The cyclone that swept through Orissa, a state in eastern India, at the end of October has claimed nearly 10,000 lives. The Post generally has taken note of that occurrence in a few news briefs. It did carry a full wire service story from the Associated Press on Nov. 2, a story that got wrong the name of the capital of Orissa. The AP story, which quoted one observer as saying that the cyclone had caused "the worst [flooding] in India's history," said that the capital was Baleshwar; it's really Bhubaneshwar. Not until Nov. 12 did The Post carry a story by one of its foreign correspondents, Pamela Constable, who is based in New Delhi.

"An estimated 15 million people have been affected, mostly rural villagers in one of India's poorest states," she reported in a story that ran on Page A27. The Post's coverage has not pleased some readers, who say that the disaster has been given short shrift. One reader, having found more information from online versions of other news outlets, wondered if The Post was ignoring the story because "Orissa is not in Europe and does not have oil underground." After evaluating the international news that has been in The Post since the cyclone hit, another reader concluded that "The Post [has] undercovered such a disaster, which is the biggest devastation in India in the last 100 years."

Contrast that with a Nov. 13 front-page story, "Turkey Is Rocked By Another Quake; Second Temblor in 3 Months Kills Dozens, Injures Hundreds," which reported that the quake had claimed at least 120 lives. There have been stories on that earthquake most recently in conjunction with President Clinton's visit to Turkey. When an earthquake devastated parts of western Turkey last summer, that, too, was front-page on Aug. 17 and for six consecutive days thereafter. Two additional front-page stories ran later in August. And less than a month later, an earthquake in Taiwan, which was even more powerful than the one in Turkey and claimed some 2,400 lives, made the front page twice, on Sept. 21 and 22. Other substantial stories ran inside the paper.

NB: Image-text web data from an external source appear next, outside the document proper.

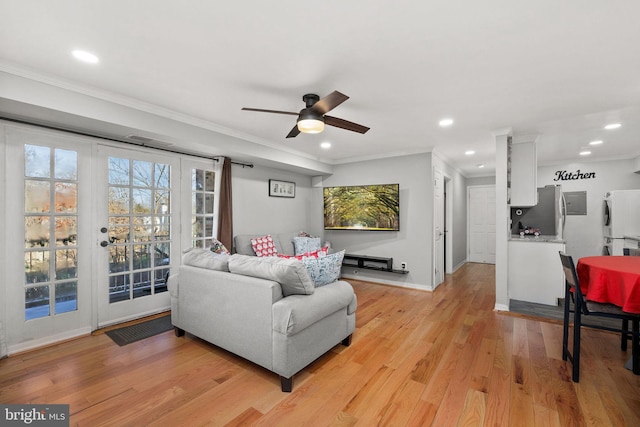 living room with ceiling fan, ornamental molding, and light hardwood / wood-style flooring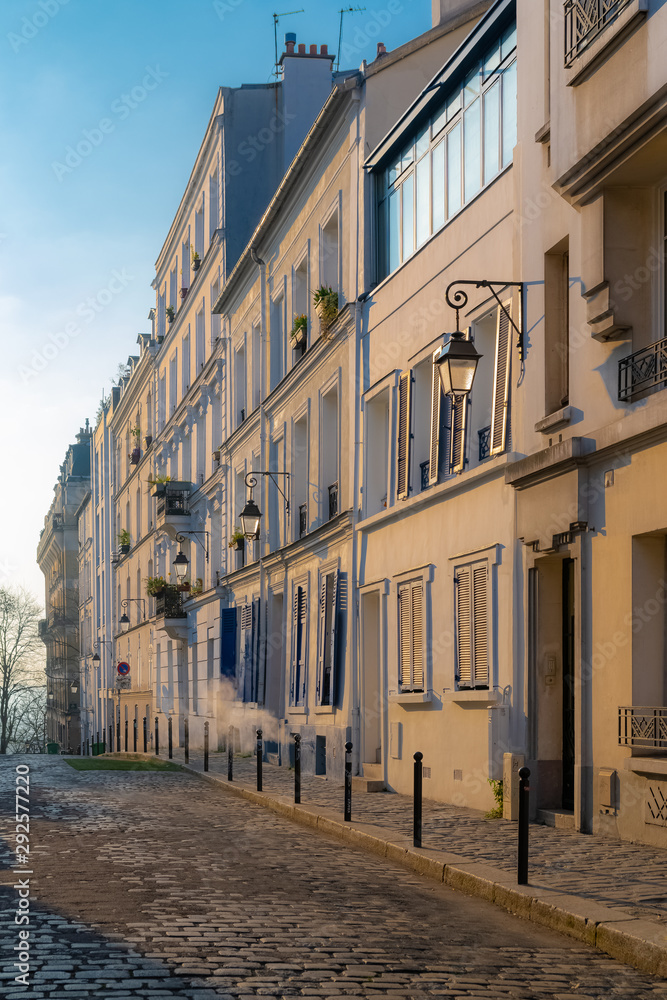 Montmartre in Paris, a very romantic parisian street with typical houses 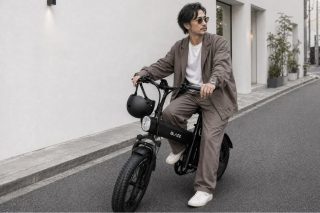 都会のストリートで、サングラスをかけた男性が黒い電動自転車に乗っています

But the cyclone in India never made it onto The Post's front page. "We were a little late on that," said Phil Bennett, the assistant managing editor for foreign news. Constable's story wasn't deemed front-page news, he said, because "the urgency had passed." Of covering natural disasters from Hurricane Mitch in Central America last year to Hurricane Floyd in the United States last summer to the Orissa cyclone, he said: "It's about as scientific as predicting the weather." He denies that "there's sort of a geographic determinism in which disasters we pay attention to more than others."

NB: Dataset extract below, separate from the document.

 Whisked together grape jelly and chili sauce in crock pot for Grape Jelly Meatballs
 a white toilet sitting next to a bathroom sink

The Post and other major news operations have long been accused of ignoring some parts of the world. The accusation was heard loudly last summer when comparisons were made by international relief workers and by some news media that the Balkan conflicts received far more coverage than comparable struggles in Africa. Indeed, The Post editorialized on the matter last June as "one of the bloodiest wars of the '90s" seemed to be coming to an end. "We refer here not to Kosovo but to West Africa's Sierra Leone. You missed the news? It happened with hardly any of the acclaim that marked the breakthrough in Kosovo." Indeed, in the same period that The Post ran 344 stories from Kosovo, elsewhere in Yugoslavia, Albania and Macedonia, correspondents in sub-Saharan Africa -- some of whom were actually sent to the Balkans for a while -- produced about 120 stories from Africa. Africa news is more often conveyed in news briefs, though a major exception should be an article about Sierra Leone that is now in the works by The Post's managing editor, Steve Coll. In my next column, I'll continue my focus on foreign news and Bennett's ideas about how The Post should cover the world in the post-Cold War era. In the meantime, on foreign news or anything else related to The Post's content, you may contact me at or (202) 334-7582.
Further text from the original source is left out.